Namespace: Profitbase.Flow.Extensions.Adobe

Represents the structure of a PDF document returned from the Extract content from PDF as document tree action.

Implements

IEnumerable<PdfDocumentElement>

The PdfTree implements IEnumerable<T>, which means that you can query the PDF object structure using standard LINQ methods, like shown in the examples below.

Properties

Name Description
Document The document root element of type PdfDocumentElement.

Methods

Name Description
FindOrDefault(string id) Returns the PdfDocumentElement with the specified id.
Contains(string id) Returns true if the tree contains an element with the specified id, otherwise false.
Traverse(bool keepChildOrder = false) Returns an IEnumerable<PdfDocumentElement>
ToJson() Serializes the PdfTree as a JSON string.
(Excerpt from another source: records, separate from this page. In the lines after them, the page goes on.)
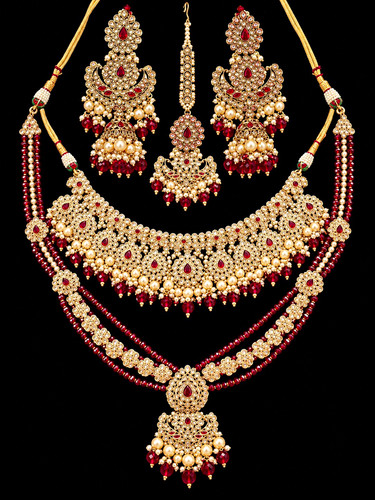 Maroon and gold kundan - and,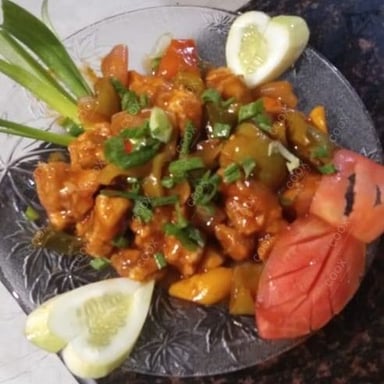 Tasty Chilli  Chicken cooked by COOX chefs cooks during occasions parties events at home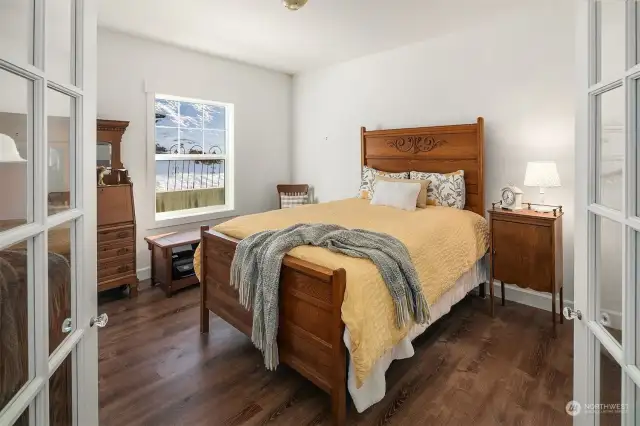 Lovely French doors lead into primary bedroom on main floor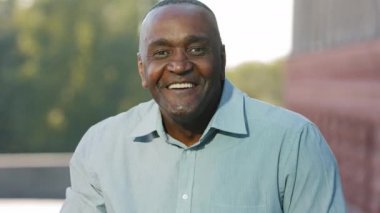 Kapalı kapılar ardında neşeli yetişkin Afro-Amerikan bir adam gülüyor, el sallıyor, her şeye burnunu sokan, izleyici. Zenci erkek çalışan yöneticisi veya uzaktan yayın yapan girişimci.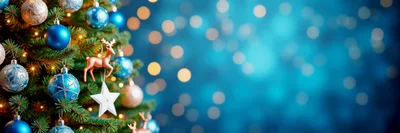 Christmas Tree Decorated With Blue Ornaments And Reindeer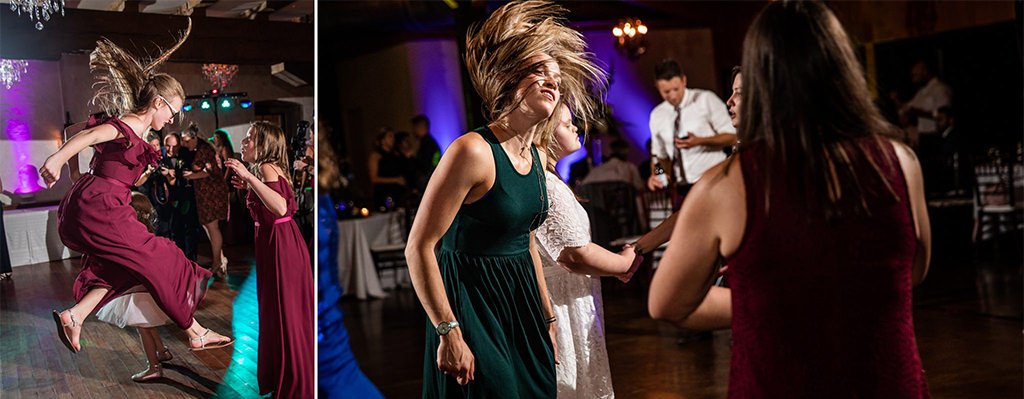 A photo of a girl jumping in the air and flipping her around on the dance floor at a wedding reception.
Useful for debugging purposes to explore how the PDF document is structured in a text editor.
System.Linq.Enumerable extension methods Enables a wide range of APIs for searching, filtering or iterating over the elements in the document, for example the Where, Any, and FirstOrDefault methods.

Example 1

This example shows how to extract the Total Amount from the sample invoice below. We use the PdfTree API to get a reference to the document element with value Total Amount (this is the amount label), and then navigate from there to the element containing the actual value. In this case, the Total Amount value is in the table row just below the label itself. Keep in mind that all data is text, so if you need to perform math or other types numeric (or date) operations, you need to convert the values to correct data types first.

img

// PdfTree pdfTree = ...from an "Extract content from PDF as document tree" action
var totalAmountLabel = pdfTree.FirstOrDefault(element => element.Page == 0 && element.Value == "Total Amount");
if(totalAmountLabel is null)
{
    return 0;
}

// Move up to the table row TD-> TR (Parent -> Parent), then access the second row of the TR (Children[1]) and then get the value of the object in the TD cell (Children[0].Value)
var totalAmountText = totalAmountLabel.Parent.Parent.Children[1].Children[0].Value;

// The amount is on the following format: $24.91 USD
var totalAmount = double.Parse(totalAmountText.Replace("USD", ""), NumberStyles.Currency, CultureInfo.CreateSpecificCulture("en-US"));

Example 2

This example shows how to extract the Compute SUBTOTAL from the sample invoice below.
It first finds the table containing the invoice lines, then finds the table row containing the "Compute" row header, and then
finds the 4th cell (.Children[3]) and picks the Value from cell object.

img


// PdfTree pdfTree = ...from an "Extract content from PDF as document tree" action
var serviceDetailsTable = pdfTree.Where(element => element.ElementType == "Table" && element.Descendants().Any(c => c.Value == "SERVICE")).FirstOrDefault();

// Locate the row containing the "Compute" row header.
var computeRow = serviceDetailsTable.Descendants().Where(c => c.Value == "Compute").First().Parent.Parent;

// Pick the value of the element in the 4th (Children[3]) cell (.Children[0]). 
// Remember that the value is not stored in the cell itself, but rather in a nested child element of the cell.
var subtotalComputeText = computeRow.Children[3].Children[0].Value;

// The amount is on the following format: $24.89
var subtotalCompute = double.Parse(subtotalComputeText, NumberStyles.Currency, CultureInfo.CreateSpecificCulture("en-US"));